Repeat all the lines below exactly, but omit the pictures.

▶ INFORMATION SUPPLIED:
^^^^^^^^

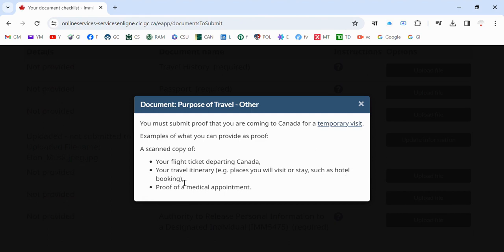Maybe you submit booking information. If you do a hotel booking by Booking.com or Agoda, those are platforms where you can have your hotel booking. That document will come to your email address and you can submit it here. Also, proof of a medical appointment.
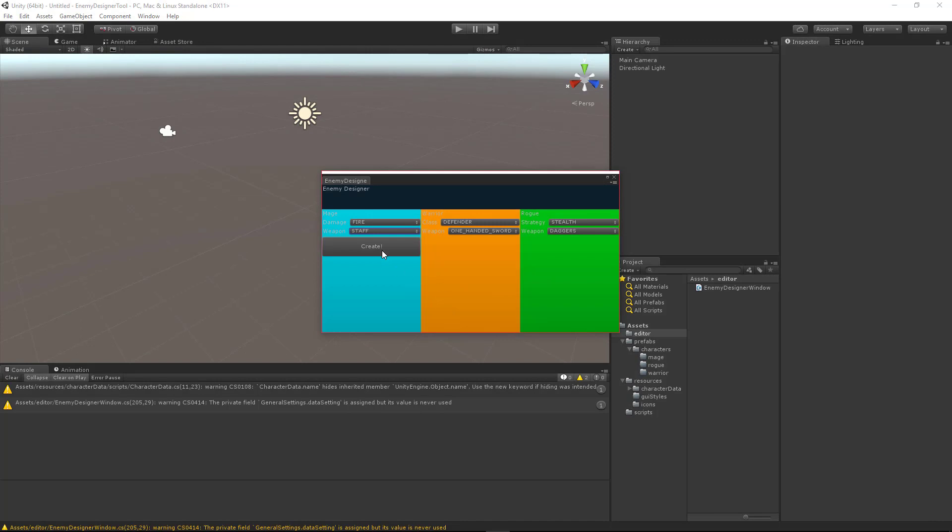You can see that our button is a little bit taller than the other fields here and that's because we specified that GUI layout dot height. We set that to 40. Now if I click the create button we should see an editor window pop up.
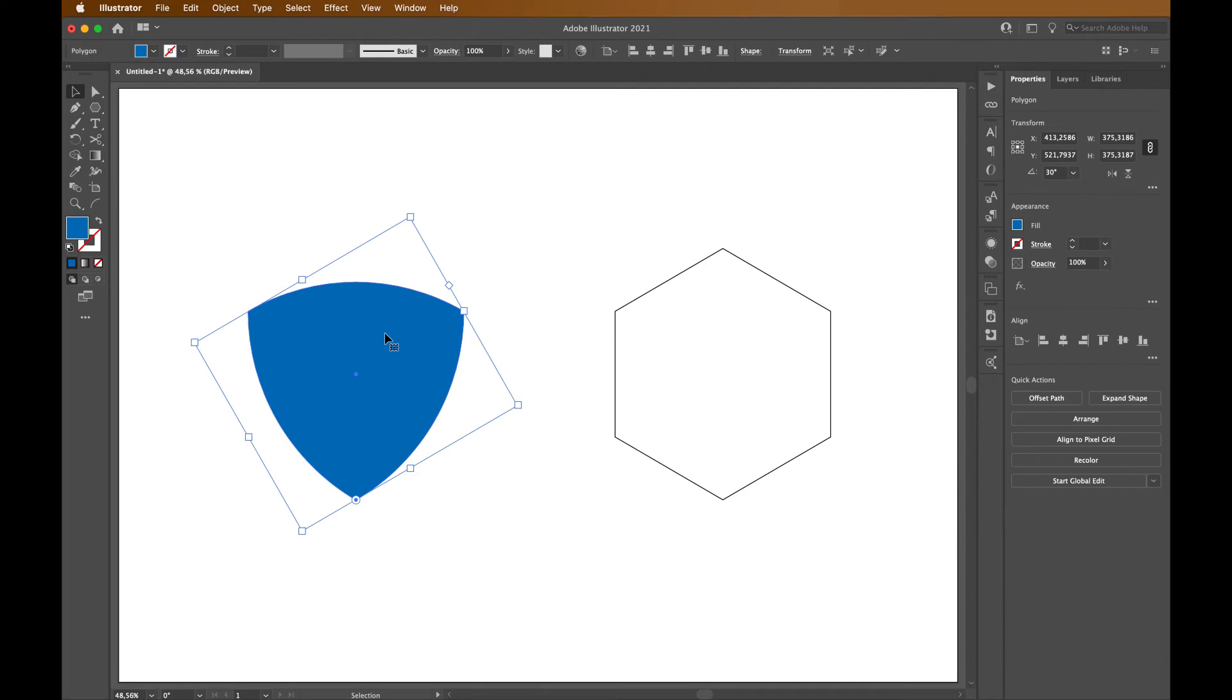As you can see, the bounding box currently isn't looking great. So for that we can expand shape and reset its bounding box.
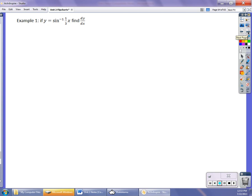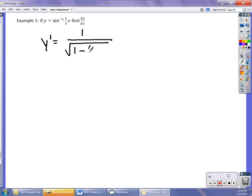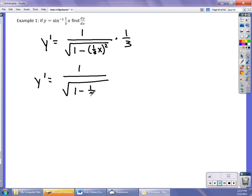In our first example, we have the inverse sine of (1/3)x. So y prime is 1 over the square root of 1 minus (1/3 x) squared, times 1/3. That simplifies to 1 over the square root of 1 minus (1/9)x squared, with a 3 out in front. You could simplify further by taking the square root, but the main goal is to see if you have the patterns down.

^^^^^^^^

▶ EXERCISE RESPONSE:
Maybe you submit booking information. If you do a hotel booking by Booking.com or Agoda, those are platforms where you can have your hotel booking. That document will come to your email address and you can submit it here. Also, proof of a medical appointment.
You can see that our button is a little bit taller than the other fields here and that's because we specified that GUI layout dot height. We set that to 40. Now if I click the create button we should see an editor window pop up.
As you can see, the bounding box currently isn't looking great. So for that we can expand shape and reset its bounding box.
In our first example, we have the inverse sine of (1/3)x. So y prime is 1 over the square root of 1 minus (1/3 x) squared, times 1/3. That simplifies to 1 over the square root of 1 minus (1/9)x squared, with a 3 out in front. You could simplify further by taking the square root, but the main goal is to see if you have the patterns down.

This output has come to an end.